Emil. L’homme de mes cauchemars. L’homme qui m’avait tellement fait de mal que j’avais ressenti le besoin de blesser les miens. Je ne valais pas leur amour. Pas plus que je ne valais le sien s’il avait cru nécessaire d’aller courir d’autres jupons.
« J’veux pas t’parler. J’fais c’que j’veux d’ma vie, ça t'concerne pas. Ordonne aux deux montagnes qui doivent te servir d’amants de m’ouvrir. J’veux pas rester ici. »
« Et la paix avec le passé, Léandre ? T’en fais quoi ? » Tant pis. Tant pis pour la résilience et la miséricorde. Je n’étais pas un dieu. Je n’avais pas besoin de m’agenouiller et d’écouter. Je n’avais pas besoin d’entendre ses mots. Je n’avais pas besoin qu’il me manipule à nouveau. Pas ici. Pas maintenant. Pas alors que je commençais à aller mieux. Pas alors que j’oubliais tout juste Narcisse. Pas alors que j’avais enfin pu le remplacer une fois. J’étais entêté. Il le savait. Je ne changerais pas d’idée.
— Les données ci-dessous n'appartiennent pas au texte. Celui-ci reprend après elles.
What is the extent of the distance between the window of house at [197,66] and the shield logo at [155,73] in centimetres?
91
Et pourtant. Je n’ouvrais pas. Je n’essayais même pas. Comme si j’avais voulu des excuses. Comme si j’avais manqué de force. Non… c’est de volonté que je manquais. Il avait toujours été le point faible qui me faisait courbé l’échine et me tourner en dérision. « T’es un cœur tendre, Léandre. Accepte-le. » Foutaises. Foutaises, foutaises, foutaises, foutaises ! J’étais faible, bête, au mieux, une cible de laquelle il était facile de se jouer. Mais son jeu… ces mots qu’il avait pu me dire dans le passé, ces manies qu’il avait, ces gestes qu’il posait pour séduire… je les connaissais maintenant. Et j’étais plus fort maintenant, je saurais résister.
J’aurais pu le croire, n’eut été de cette sensation que ma gorge se nouait de l’intérieur pour mieux m’étrangler. Ses pouvoirs étaient tel qu’il me tuait sans même me toucher. « Laisse-moi. » maugréai-je en réprimant le raz-de-marée de colère qui me prenait de l’intérieur.